Malgré les promesses du président Lourenço, la rue angolaise attend toujours un mieux dans sa vie quotidienne.
Ainsi Eva Mateus, qui vend des ustensiles de cuisine au marché « congolais » de Luanda. « Je suis enseignante diplômée », lâche-t-elle, « sans corruption, je n’en serais pas là ».
« Les choses ne sont pas simples ces derniers temps », renchérit une de ses collègues, boulangère, dans les allées largement vides de clients du marché. « On ne sait pas pourquoi », rouspète Maria Eunice, 43 ans, « personne ne peux nous expliquer pourquoi les prix augmentent ».
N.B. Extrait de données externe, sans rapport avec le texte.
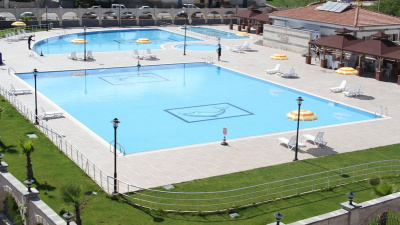 15 kişi hastanelik oldu!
D’autres, plus pessimistes, ne croient tout simplement pas à un quelconque changement.
« Ici, tout le monde est encore impliqué. Si vous connaissez quelqu’un (…) il suffit toujours de le payer pour qu’il fasse ou vous donne ce que vous voulez », note Joao Pande, 30 ans, devant son garage de la capitale.
Le mécanicien regrette même que la lutte contre la corruption ait compliqué les affaires. « Ça a causé beaucoup d’incertitude, franchement je ne sais pas ce que ça va apporter au pays ».
L’entrepreneur Antonio Almeida, lui, veut croire que le combat est en train de porter ses fruits.
« Dans certains cas, certaines institutions sont devenues plus sérieuses (…) les gens comprennent mieux qu’il ne doivent pas demander d’argent pour traiter nos demandes », se réjouit-il, « ils ont pris conscience que le temps de l’impunité était révolu ».